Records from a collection
• • • •

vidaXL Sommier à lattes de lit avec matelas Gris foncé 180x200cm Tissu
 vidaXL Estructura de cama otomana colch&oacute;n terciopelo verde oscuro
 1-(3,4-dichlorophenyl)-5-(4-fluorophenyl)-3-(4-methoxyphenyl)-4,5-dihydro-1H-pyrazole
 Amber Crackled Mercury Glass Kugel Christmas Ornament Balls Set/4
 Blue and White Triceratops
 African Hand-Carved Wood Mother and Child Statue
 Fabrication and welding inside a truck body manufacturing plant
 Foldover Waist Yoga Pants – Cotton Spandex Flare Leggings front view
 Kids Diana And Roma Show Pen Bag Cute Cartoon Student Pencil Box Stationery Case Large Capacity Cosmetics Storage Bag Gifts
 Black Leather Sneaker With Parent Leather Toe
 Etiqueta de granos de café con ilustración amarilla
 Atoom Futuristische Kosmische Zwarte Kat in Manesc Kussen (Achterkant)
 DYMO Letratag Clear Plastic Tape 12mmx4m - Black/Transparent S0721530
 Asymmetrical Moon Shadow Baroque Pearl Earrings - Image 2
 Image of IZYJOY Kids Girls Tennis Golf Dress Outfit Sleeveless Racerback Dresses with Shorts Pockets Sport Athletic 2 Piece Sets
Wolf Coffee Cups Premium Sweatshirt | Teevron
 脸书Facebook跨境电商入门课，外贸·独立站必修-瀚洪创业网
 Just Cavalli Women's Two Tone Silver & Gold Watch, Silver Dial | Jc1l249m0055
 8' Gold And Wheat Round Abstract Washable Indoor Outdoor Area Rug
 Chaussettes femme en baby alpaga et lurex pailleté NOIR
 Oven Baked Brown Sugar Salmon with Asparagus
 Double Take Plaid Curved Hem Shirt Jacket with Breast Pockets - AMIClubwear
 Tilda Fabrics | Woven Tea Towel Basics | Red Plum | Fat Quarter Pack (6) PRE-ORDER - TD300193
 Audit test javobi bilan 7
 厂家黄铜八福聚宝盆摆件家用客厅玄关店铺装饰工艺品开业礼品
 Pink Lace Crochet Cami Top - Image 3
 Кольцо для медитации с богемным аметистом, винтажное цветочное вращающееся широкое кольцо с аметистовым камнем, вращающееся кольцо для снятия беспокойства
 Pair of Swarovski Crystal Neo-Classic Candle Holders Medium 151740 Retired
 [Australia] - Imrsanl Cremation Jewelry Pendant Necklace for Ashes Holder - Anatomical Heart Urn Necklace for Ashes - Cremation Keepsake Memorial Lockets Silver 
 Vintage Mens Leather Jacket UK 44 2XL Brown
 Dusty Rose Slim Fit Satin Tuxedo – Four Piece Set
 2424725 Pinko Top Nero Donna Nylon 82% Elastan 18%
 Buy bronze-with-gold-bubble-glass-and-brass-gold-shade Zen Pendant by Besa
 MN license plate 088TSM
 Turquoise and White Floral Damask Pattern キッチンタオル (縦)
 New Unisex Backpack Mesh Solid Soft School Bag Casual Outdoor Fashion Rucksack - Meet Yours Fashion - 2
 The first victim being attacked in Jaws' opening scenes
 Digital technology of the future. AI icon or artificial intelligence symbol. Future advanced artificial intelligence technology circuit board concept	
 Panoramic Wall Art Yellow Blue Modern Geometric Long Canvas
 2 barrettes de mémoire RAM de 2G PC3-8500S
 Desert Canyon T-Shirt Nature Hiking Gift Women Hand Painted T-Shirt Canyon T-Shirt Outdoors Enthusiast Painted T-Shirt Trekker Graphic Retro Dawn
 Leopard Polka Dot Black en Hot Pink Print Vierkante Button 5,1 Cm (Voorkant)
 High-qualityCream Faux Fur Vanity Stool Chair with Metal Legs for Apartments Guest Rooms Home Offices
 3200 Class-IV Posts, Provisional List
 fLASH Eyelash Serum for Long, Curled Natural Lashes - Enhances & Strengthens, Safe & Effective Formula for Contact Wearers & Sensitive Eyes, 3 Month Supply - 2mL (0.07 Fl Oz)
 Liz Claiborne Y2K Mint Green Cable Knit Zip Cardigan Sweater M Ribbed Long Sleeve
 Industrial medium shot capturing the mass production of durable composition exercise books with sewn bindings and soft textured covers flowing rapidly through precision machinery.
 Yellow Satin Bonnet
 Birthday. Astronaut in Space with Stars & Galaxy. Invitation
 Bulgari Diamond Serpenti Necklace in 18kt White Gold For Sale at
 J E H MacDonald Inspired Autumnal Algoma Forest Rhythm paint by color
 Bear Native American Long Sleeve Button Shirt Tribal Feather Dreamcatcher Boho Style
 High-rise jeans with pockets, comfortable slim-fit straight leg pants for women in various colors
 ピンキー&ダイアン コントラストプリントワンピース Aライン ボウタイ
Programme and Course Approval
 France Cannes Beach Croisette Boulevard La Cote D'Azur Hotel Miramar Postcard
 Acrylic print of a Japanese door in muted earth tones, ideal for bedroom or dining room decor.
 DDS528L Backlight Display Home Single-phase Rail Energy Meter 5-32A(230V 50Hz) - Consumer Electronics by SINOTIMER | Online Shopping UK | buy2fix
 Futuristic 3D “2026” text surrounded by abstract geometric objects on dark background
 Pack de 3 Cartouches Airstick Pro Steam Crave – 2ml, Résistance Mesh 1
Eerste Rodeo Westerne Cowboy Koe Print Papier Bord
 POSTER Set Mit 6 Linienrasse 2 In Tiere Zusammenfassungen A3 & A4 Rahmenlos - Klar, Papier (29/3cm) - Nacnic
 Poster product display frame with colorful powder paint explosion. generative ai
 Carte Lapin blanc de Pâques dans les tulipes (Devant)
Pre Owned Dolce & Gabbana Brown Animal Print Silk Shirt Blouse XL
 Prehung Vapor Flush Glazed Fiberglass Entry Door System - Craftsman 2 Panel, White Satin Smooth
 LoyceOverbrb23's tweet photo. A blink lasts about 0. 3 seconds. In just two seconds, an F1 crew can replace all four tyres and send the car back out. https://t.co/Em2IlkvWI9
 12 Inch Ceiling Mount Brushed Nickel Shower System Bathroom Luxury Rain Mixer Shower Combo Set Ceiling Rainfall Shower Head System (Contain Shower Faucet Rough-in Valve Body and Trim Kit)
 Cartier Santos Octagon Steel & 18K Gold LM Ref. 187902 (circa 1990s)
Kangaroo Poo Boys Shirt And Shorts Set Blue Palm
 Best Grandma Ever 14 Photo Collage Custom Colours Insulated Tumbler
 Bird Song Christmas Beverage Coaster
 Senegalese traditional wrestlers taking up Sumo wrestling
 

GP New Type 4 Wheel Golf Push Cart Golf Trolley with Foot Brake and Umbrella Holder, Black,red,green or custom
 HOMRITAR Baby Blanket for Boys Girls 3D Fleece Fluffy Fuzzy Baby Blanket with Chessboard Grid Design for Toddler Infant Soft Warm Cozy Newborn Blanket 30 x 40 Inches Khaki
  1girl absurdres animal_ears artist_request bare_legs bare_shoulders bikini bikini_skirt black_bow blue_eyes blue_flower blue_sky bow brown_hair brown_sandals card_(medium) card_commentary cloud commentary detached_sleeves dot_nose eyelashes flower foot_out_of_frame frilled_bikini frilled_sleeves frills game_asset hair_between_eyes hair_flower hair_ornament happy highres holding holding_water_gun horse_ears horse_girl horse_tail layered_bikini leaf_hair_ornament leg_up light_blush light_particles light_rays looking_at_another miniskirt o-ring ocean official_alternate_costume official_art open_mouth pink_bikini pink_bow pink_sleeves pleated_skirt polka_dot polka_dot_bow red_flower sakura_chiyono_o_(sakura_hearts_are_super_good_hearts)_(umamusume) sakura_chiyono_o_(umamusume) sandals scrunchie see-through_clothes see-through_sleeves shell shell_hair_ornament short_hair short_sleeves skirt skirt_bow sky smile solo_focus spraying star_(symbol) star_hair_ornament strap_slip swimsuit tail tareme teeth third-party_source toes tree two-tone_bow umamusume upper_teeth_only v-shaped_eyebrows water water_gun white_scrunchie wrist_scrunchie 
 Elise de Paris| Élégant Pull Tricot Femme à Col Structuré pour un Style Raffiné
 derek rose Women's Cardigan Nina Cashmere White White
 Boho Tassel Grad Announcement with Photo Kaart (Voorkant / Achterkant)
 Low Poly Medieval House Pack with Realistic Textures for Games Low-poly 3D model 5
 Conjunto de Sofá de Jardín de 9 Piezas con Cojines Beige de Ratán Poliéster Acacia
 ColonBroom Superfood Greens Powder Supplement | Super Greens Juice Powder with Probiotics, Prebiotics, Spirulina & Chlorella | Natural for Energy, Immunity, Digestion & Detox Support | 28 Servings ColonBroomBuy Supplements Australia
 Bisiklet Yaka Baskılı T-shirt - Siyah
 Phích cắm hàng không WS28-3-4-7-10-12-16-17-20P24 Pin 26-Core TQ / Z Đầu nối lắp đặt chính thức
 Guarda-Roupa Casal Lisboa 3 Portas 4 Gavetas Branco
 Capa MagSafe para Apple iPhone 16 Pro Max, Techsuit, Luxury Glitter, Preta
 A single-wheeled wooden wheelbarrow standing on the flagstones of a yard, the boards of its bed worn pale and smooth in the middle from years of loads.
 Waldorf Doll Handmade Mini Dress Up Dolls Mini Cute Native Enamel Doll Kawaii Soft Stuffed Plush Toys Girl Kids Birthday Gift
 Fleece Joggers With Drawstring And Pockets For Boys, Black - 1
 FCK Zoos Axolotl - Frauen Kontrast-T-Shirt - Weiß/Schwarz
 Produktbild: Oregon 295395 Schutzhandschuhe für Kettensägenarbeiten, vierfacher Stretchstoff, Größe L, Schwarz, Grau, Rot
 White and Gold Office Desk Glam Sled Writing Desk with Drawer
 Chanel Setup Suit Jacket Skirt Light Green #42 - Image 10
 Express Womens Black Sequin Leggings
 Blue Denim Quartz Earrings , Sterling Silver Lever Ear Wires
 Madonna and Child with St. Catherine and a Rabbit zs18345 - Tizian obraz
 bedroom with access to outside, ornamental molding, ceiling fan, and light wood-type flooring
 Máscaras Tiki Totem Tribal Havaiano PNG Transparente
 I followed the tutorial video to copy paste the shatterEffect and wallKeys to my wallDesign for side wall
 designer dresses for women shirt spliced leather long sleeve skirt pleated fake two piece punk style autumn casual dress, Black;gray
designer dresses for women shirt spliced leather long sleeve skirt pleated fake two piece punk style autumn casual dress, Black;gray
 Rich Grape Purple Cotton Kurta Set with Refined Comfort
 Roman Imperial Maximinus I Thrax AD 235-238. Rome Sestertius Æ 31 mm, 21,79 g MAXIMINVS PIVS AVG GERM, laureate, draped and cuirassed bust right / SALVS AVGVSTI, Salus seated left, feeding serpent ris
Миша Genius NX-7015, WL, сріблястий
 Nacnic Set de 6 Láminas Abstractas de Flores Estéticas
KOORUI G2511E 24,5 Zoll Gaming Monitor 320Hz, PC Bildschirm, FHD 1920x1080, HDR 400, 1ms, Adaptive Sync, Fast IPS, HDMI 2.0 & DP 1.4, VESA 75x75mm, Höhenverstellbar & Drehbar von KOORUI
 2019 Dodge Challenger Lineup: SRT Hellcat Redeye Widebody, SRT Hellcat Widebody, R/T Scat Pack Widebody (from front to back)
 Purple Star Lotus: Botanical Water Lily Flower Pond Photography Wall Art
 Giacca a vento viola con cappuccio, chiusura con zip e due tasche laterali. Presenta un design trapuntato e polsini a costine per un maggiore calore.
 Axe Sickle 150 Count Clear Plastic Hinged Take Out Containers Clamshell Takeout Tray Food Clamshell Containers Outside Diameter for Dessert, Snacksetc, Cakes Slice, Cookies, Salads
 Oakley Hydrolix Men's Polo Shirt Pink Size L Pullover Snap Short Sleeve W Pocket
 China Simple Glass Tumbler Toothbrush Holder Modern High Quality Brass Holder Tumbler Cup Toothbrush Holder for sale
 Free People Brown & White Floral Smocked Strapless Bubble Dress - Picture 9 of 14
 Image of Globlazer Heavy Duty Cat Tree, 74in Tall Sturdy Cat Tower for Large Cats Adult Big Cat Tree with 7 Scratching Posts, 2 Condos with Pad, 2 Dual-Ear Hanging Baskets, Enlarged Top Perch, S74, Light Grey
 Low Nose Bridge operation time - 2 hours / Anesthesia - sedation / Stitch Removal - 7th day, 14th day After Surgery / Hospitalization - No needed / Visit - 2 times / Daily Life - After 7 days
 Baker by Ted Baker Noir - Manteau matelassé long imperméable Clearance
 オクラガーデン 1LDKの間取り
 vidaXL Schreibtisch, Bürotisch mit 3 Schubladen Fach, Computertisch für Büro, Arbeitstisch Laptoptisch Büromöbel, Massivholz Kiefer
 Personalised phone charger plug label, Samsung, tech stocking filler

• • • •

• **Exercise objective**: Would you please reproduce the records above exactly, only from their first line through the line holding "Wolf Coffee Cups Premium Sweatshirt | Teevron", with both ends included?

• **Exercise answer**:
vidaXL Sommier à lattes de lit avec matelas Gris foncé 180x200cm Tissu
 vidaXL Estructura de cama otomana colch&oacute;n terciopelo verde oscuro
 1-(3,4-dichlorophenyl)-5-(4-fluorophenyl)-3-(4-methoxyphenyl)-4,5-dihydro-1H-pyrazole
 Amber Crackled Mercury Glass Kugel Christmas Ornament Balls Set/4
 Blue and White Triceratops
 African Hand-Carved Wood Mother and Child Statue
 Fabrication and welding inside a truck body manufacturing plant
 Foldover Waist Yoga Pants – Cotton Spandex Flare Leggings front view
 Kids Diana And Roma Show Pen Bag Cute Cartoon Student Pencil Box Stationery Case Large Capacity Cosmetics Storage Bag Gifts
 Black Leather Sneaker With Parent Leather Toe
 Etiqueta de granos de café con ilustración amarilla
 Atoom Futuristische Kosmische Zwarte Kat in Manesc Kussen (Achterkant)
 DYMO Letratag Clear Plastic Tape 12mmx4m - Black/Transparent S0721530
 Asymmetrical Moon Shadow Baroque Pearl Earrings - Image 2
 Image of IZYJOY Kids Girls Tennis Golf Dress Outfit Sleeveless Racerback Dresses with Shorts Pockets Sport Athletic 2 Piece Sets
Wolf Coffee Cups Premium Sweatshirt | Teevron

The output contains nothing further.